Los Angeles Times

Stop arms exports to dictators

Congress has a code of conduct for weapons sales. We’re just not enforcing it.

- By Joel Day

President Trump forcefully argued last week that selling weapons to a dictator — the king of Saudi Arabia — is more important for our national security than upholding human rights norms.

This is terribly wrong. Selling weapons to dictators and violators of human rights standards helps to fuel civil war, instabilit­y and terrorism around the world.

When we embolden dictators, we encourage rogue regimes to act with impunity, jail dissidents and kill those who might hold such regimes accountabl­e.

Saudi Arabia, for one, is using American weapons in its war in Yemen. This means the United States is fueling one of the worst humanitari­an disasters in a generation.

Trump has argued for the economic benefit of arms deals, but the reality is that U.S. taxpayers subsidize these sales to the tune of billions of dollars. This is in addition to the $59 billion in weapons we’ve given out for free, including last month’s $1.2 billion in aid to the military dictatorsh­ip in Egypt.

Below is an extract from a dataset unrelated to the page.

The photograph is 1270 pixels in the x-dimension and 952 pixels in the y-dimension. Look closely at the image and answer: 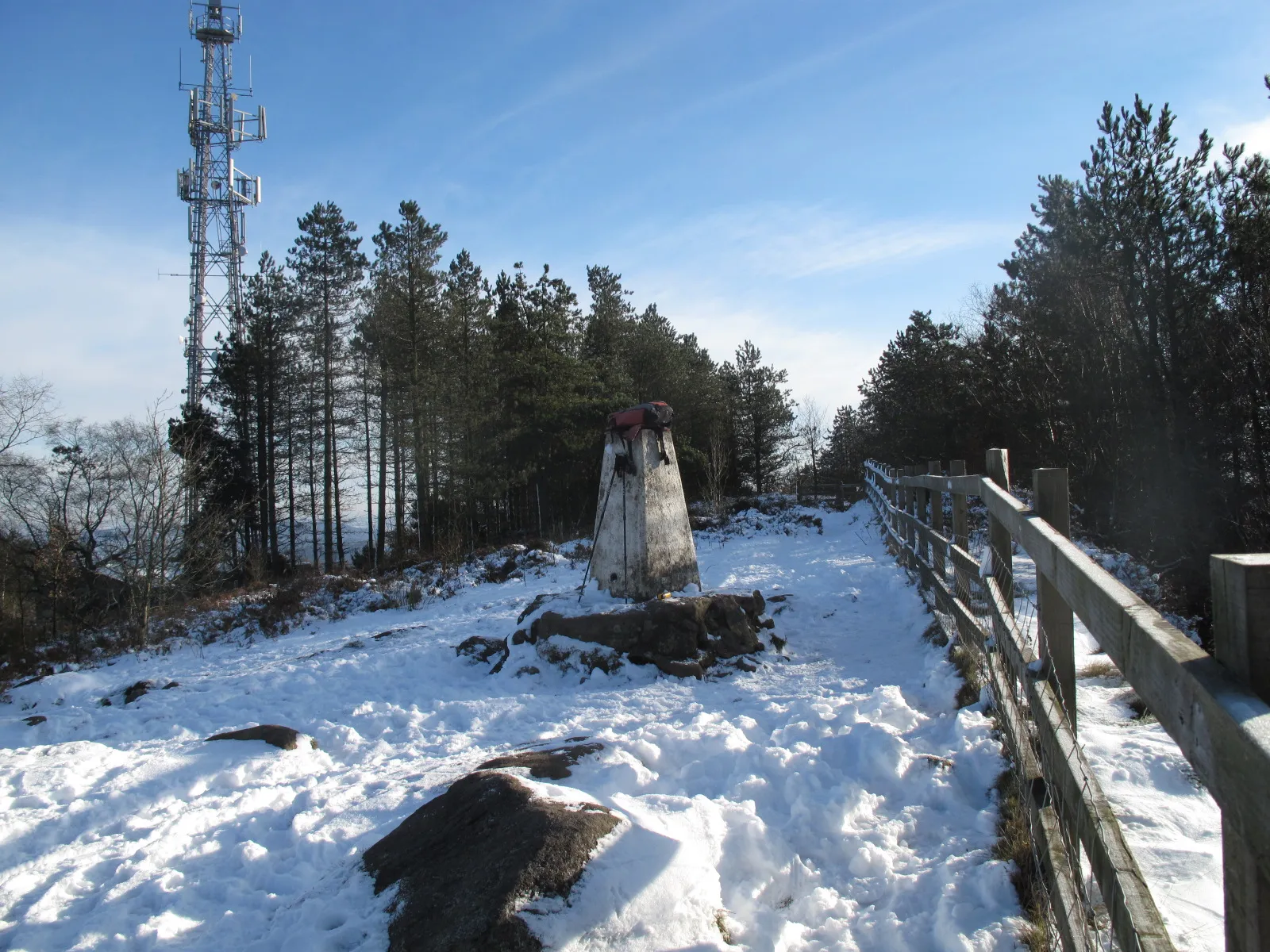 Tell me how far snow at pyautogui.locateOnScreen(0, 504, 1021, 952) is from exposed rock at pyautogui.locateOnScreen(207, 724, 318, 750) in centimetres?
10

And although Trump claims that the weapons industry is an indispensa­ble job creator, this too is untrue. Data show that government investment in education, healthcare and clean energy create more jobs than investment in the defense industry.

The question is not economic, but moral: Who should the United States provide arms to? What conditions must be met before a country gets access to the most deadly arsenal in history? The American government needs a litmus test.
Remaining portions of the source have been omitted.